Ehud Olmert and the courage of the New York Times’ convictions

In another example of the power of wishful thinking, Israeli Prime Minister Ehud Olmert concludes from editorials in the New York Times, the Washington Post, and the British Guardian “condemning” Hamas that the world recognizes the absence of a peace partner for Israel and thus that Israel has no choice but to draw its own borders on the West Bank. But talk is cheap at the New York Times, Washington Post, and Guardian, and liberals in the West have a habit of condemning Palestinian terrorists one week and demanding that Isrealis “take risks for peace” the next.
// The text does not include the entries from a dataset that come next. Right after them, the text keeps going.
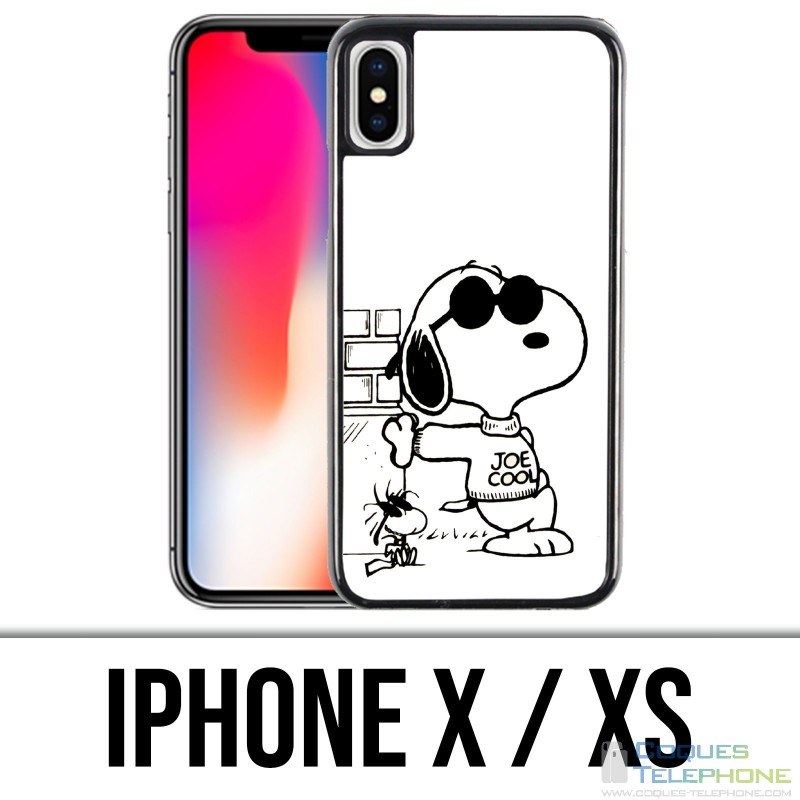 Coque iPhone X / XS - Snoopy Noir Blanc
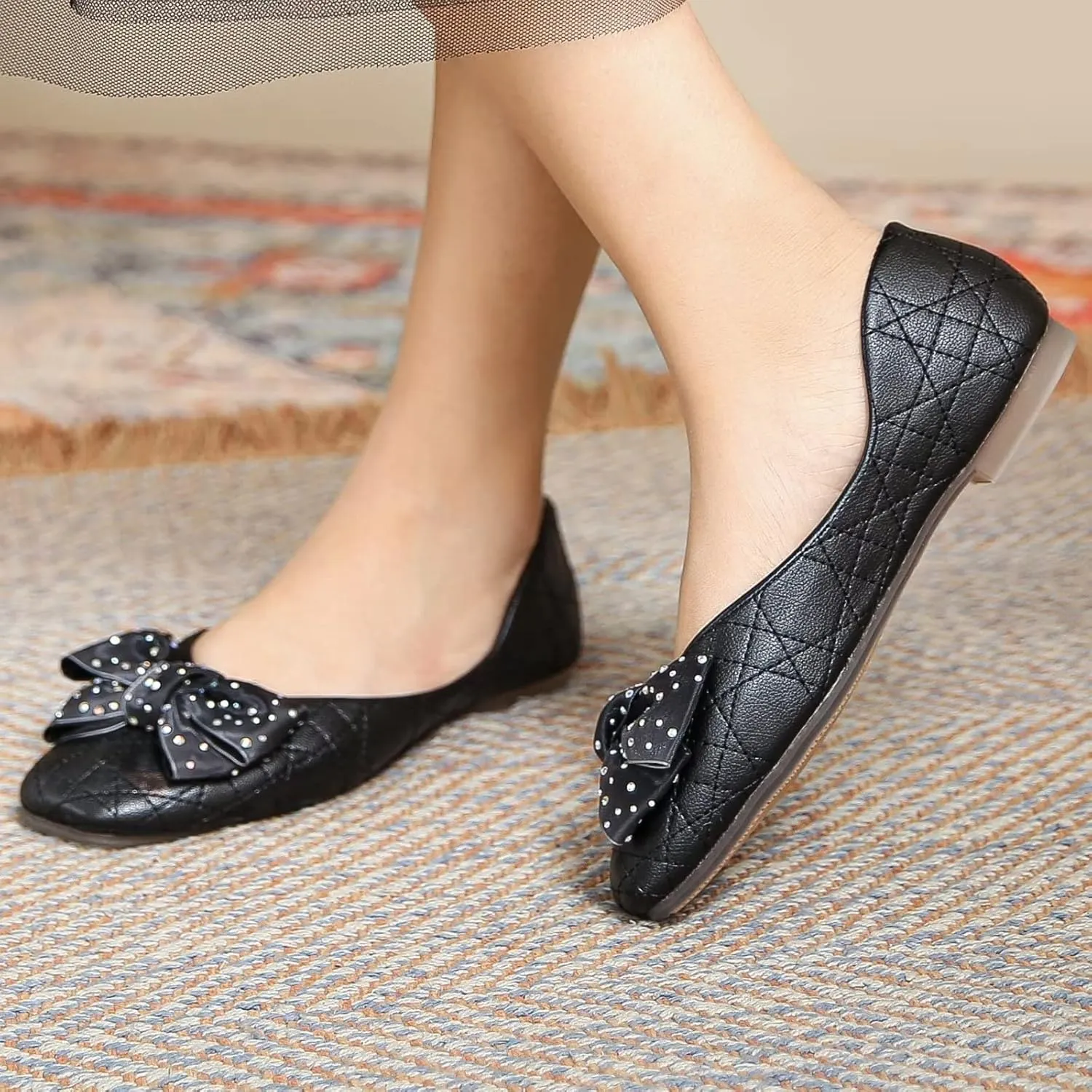 TN TANGNEST Women's Square Toe Flats Classic Bow Slip on Flat Shoes Ballet Shoes Dress Shoes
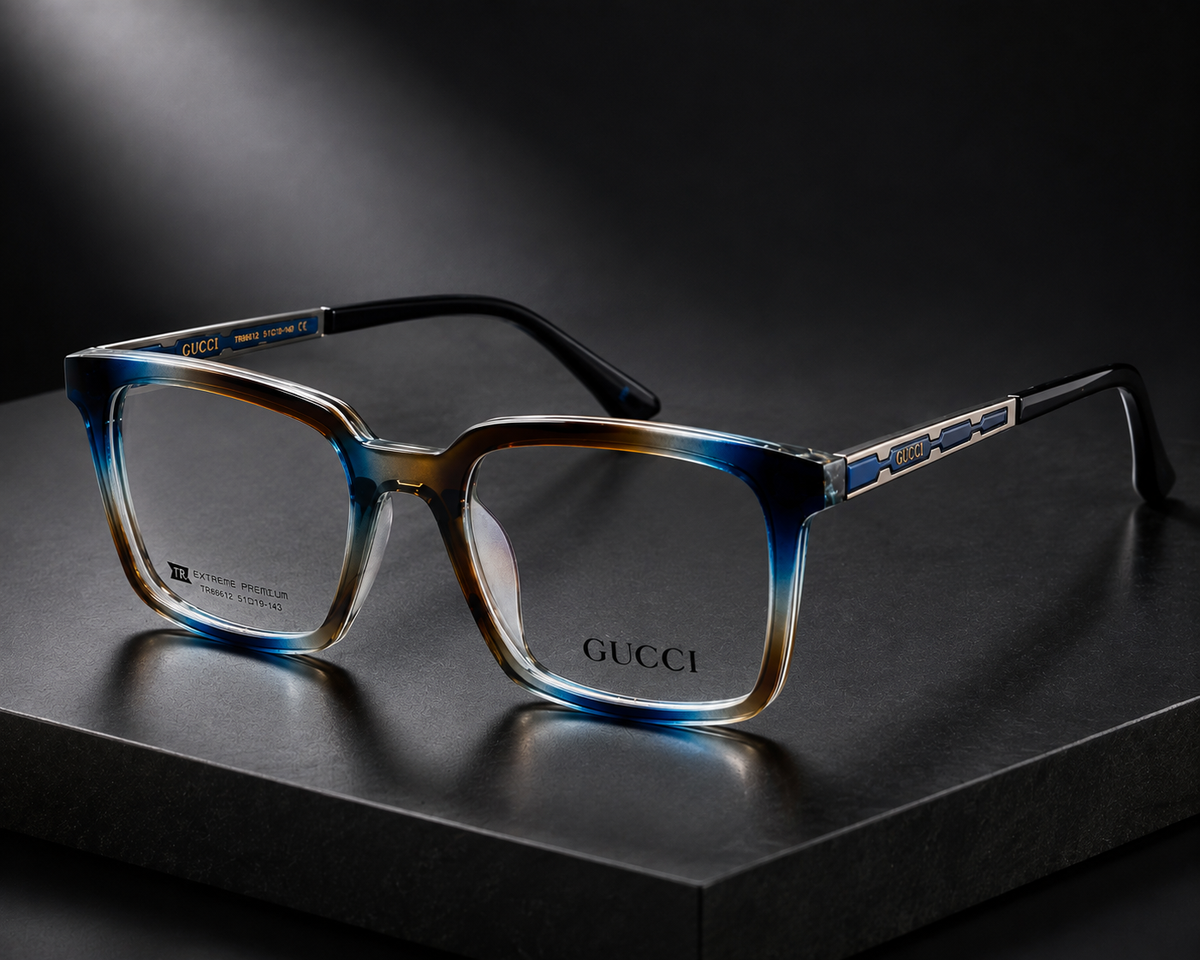 Gucci Square Eyeglasses Blue Brown Gradient - Lifestyle Light Background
In my view, Olmert is likely to fail as a leader of Israel because he’s worrying about the wrong things. He considers it important “that the diplomatic community, foreign ministries and government ministries around the world absorb the fact that there is no partner here with whom it is possible to talk.” He then seizes on meaningless words by a few editorial writers to convince himself that the West has absorbed this fact. Even then, however, he promises to wait a bit longer before proceeding unilaterally. While he’s waiting, the same editorial writers, and their friends in high places, will be dusting off their “take risks for peace” bromides.

What really matters is whether Israel has a true peace partner, not whether “foreign ministries around the world” think it does. If Israel lacks such a partner, as is surely the case, it must act accordingly regardless of what various foreign ministries and editorial writers believe. To be sure, Israel must also worry about how the Bush administration views things, but only to that limited extent should the opinions of foreigners matter.

It’s a bad sign that Olmert thinks otherwise, and a terrible sign that he’s interested in what liberal editorial writers at the Times, Post, and Guardian are saying.